Just as is the case with regard to Slovak President Tiso, it is also alleged that it was Hitler who "ordered" the March 14, 1939 visit from the then Czech President Emil Hacha. Secretary of State Otto Meissner, who was present at that discussion, stated: "The initiative for Hacha's and his Foreign Minister Chvalkovsky's trip to Berlin came strictly from the Czech side." What is particularly significant about Meissner's report is that Hacha's and Chvalkovsky's trip to Berlin followed an explicit decision by the Cabinet when he elected, on the evening of March 13, 1939, to request a personal discussion of the political situation via the German chargé d'affaires (p. 203). The Sudeten German Social-Democratic Representative Wenzel Jaksch commented similarly in his book Europas Weg nach Potsdam: "... in view of the ever-worsening situation on March 14, 1939, Hacha felt that it was necessary to request that discussion with Hitler."
England acknowledged Slovakia's separation from the Czech whole as a voluntary act of the Slovak people's representatives. This disproves the false claims of the foreign press, that Tiso had allegedly been "ordered" to Berlin on March 12, 1939 and that Slovakia had then declared independence "under duress" from Hitler.
That same world that vented such outrage at the inclusion of seven million Czechs in the German Reich of more than 80 million had previously, and for a span of 20 years, not only tolerated the enslavement of eight million non-Czechs by seven million Czechs in the ethnic dungeon of "Czechoslovakia", but also bore the blame for the creation of this state in the first place.
No Czechs were expelled in 1938
The expulsion of the Sudeten Germans from their homeland after 1945 is rationalized by, among other things, the mendacious claim that following the Munich Agreement of September 28, 1938, Czechs were "expelled" from the Sudetenland, which was then annexed by the German Reich. But there was never any such expulsion, and particularly not in the time from 1938 to 1945.
The fact is that in late 1918, aside from the German minority, some 160,000 Czechs lived in those regions of Czechoslovakia that would later be affected by the Munich Agreement; in May 1939, however, official statistics place their number at approximately 320,000, i.e. fully twice as many. They had come to these regions and also to purely German towns and villages as officials or teachers, for example. Their purpose was to "Czechify" these regions - to counteract their German character and to make them Czech.
After the Sudetenland's annexation many of these immigrants moved back into their Czech homeland, the future Protectorate. But not one of them was expelled. A number of dissidents - German functionaries and members of the German Social-Democratic Party - also left the once-again-German regions because they did not wish to live under National Socialist rule. Many of them then emigrated via Czechoslovakia to the West. They too were not expelled, but left voluntarily.
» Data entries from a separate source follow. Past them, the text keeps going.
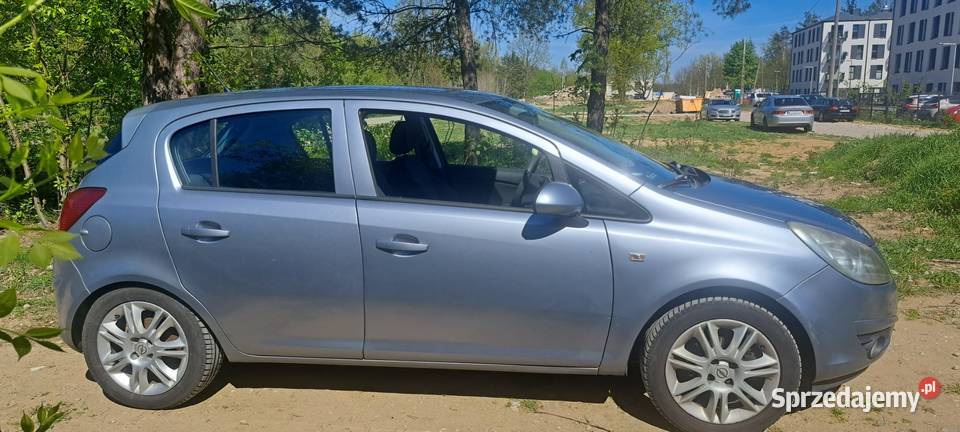 Opel Corsa 14 benzyna LPG 2008r srebrny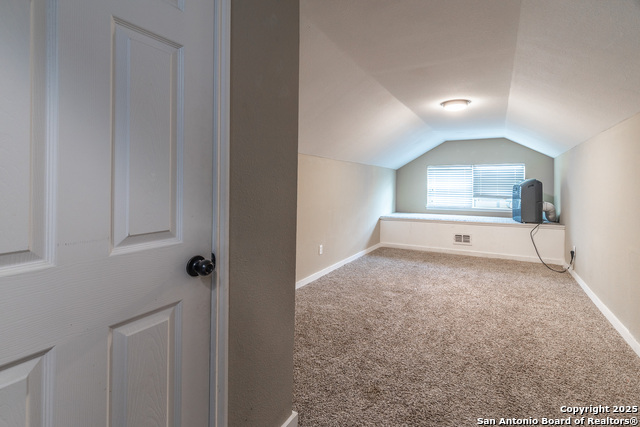 Listing photo id 25 for 405 Tanglewood Dr W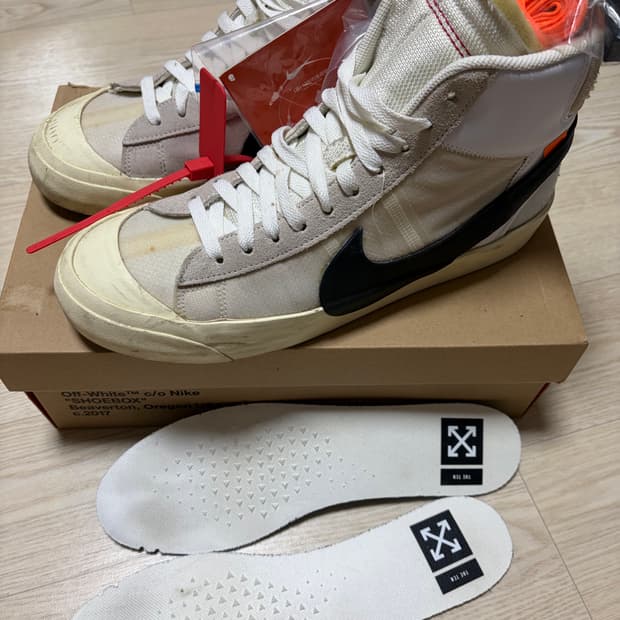 오프화이트 나이키 블레이저 OG  285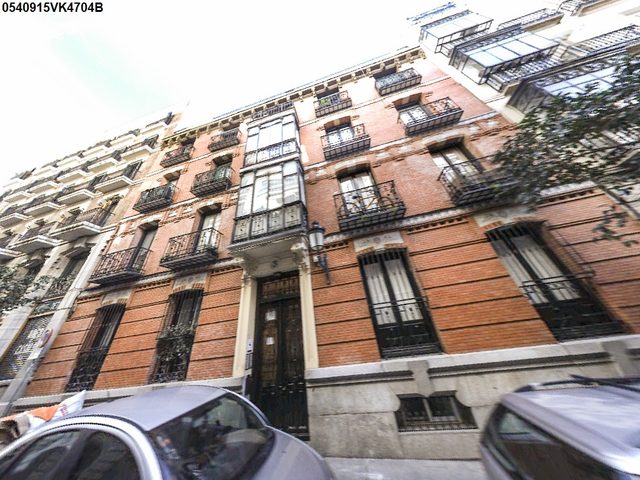 Calle Luis Vélez de Guevara, 3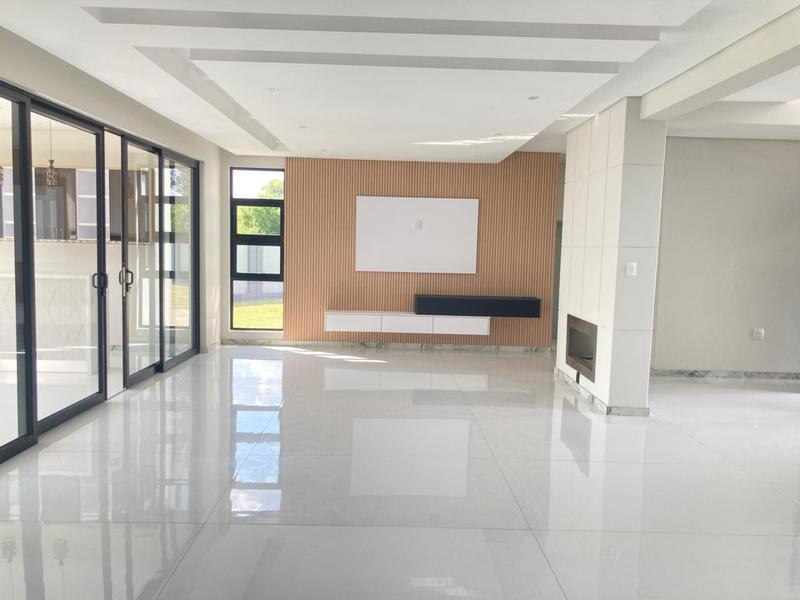 5 Bedroom Property for Sale in Six Fountains Residential Estate Gauteng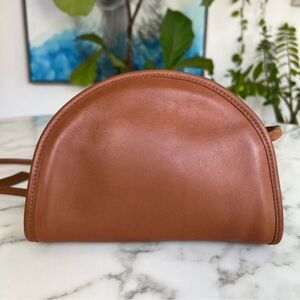 COACH Vintage Kimball 9911 British Tan Leather Crossbody Bag Round 90s USA Taco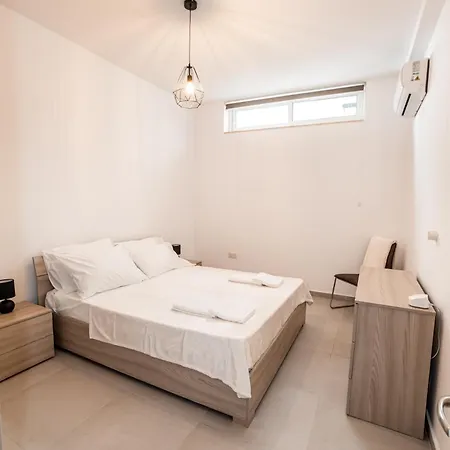 Apartment 3 Bedroom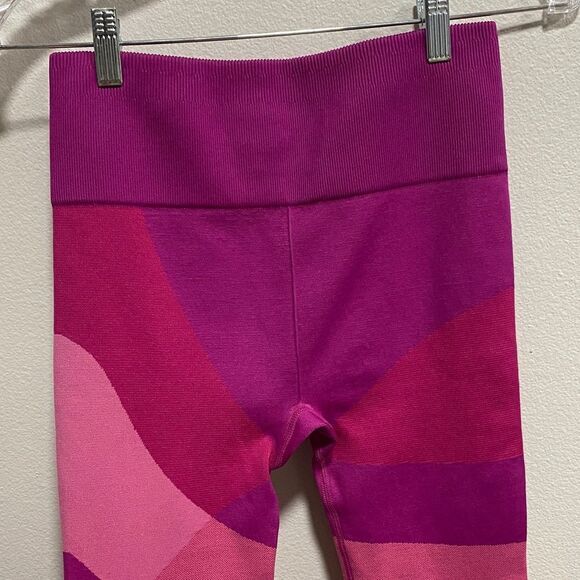 Fabletics Very Berry Multi Colorblock High-Waist Seamless Capri Leggings M - Picture 5 of 12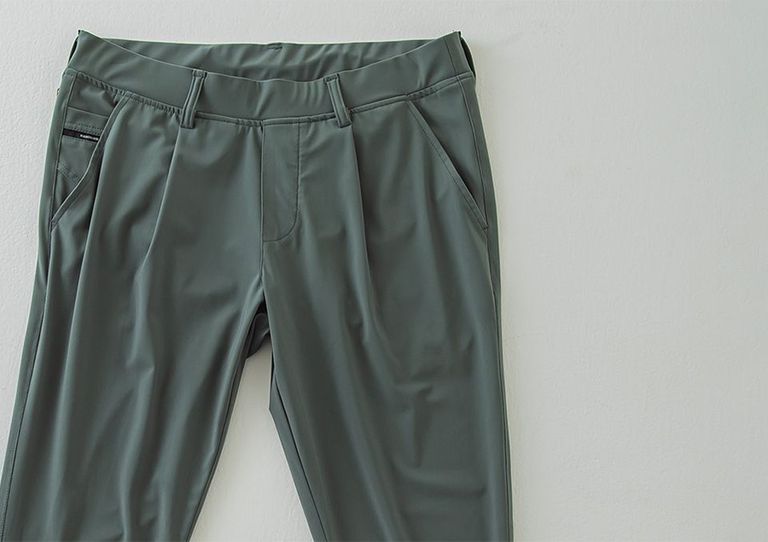 パンツのタックとは？メリットや選ぶ際のポイントをご紹介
In a March 17, 1992 letter to the editor of the Prague daily paper Lidove Noviny, Stanislav Aust, a witness to those times, responded to an editorial in this paper in which "expulsions in 1938" had been mentioned: "As eyewitness, I must reject the lies that were contained in the article titled 'Munich and the Legal Order'. Our family was very active against Henlein, and we were not forcibly expelled; we fled out of fear of potential persecution. In Czechoslovakia proper we were registered as refugees, not as expellees. Those that did not choose to leave did not have to. Many in Trautenau weathered the occupation. Our family's house remained our possession, and the German tenant continued to pay his rent regularly. It was June 1945 before the house was taken from us, by a member of the Revolutionary Guard, and my parents had to go to great trouble to get the house back. The claim that the property of Germans who had remained loyal to the Republic was not confiscated (in 1945) is more than ridiculous." (From the German translation in Deutscher Ost-Dienst, no. 12 of March 27, 1992.)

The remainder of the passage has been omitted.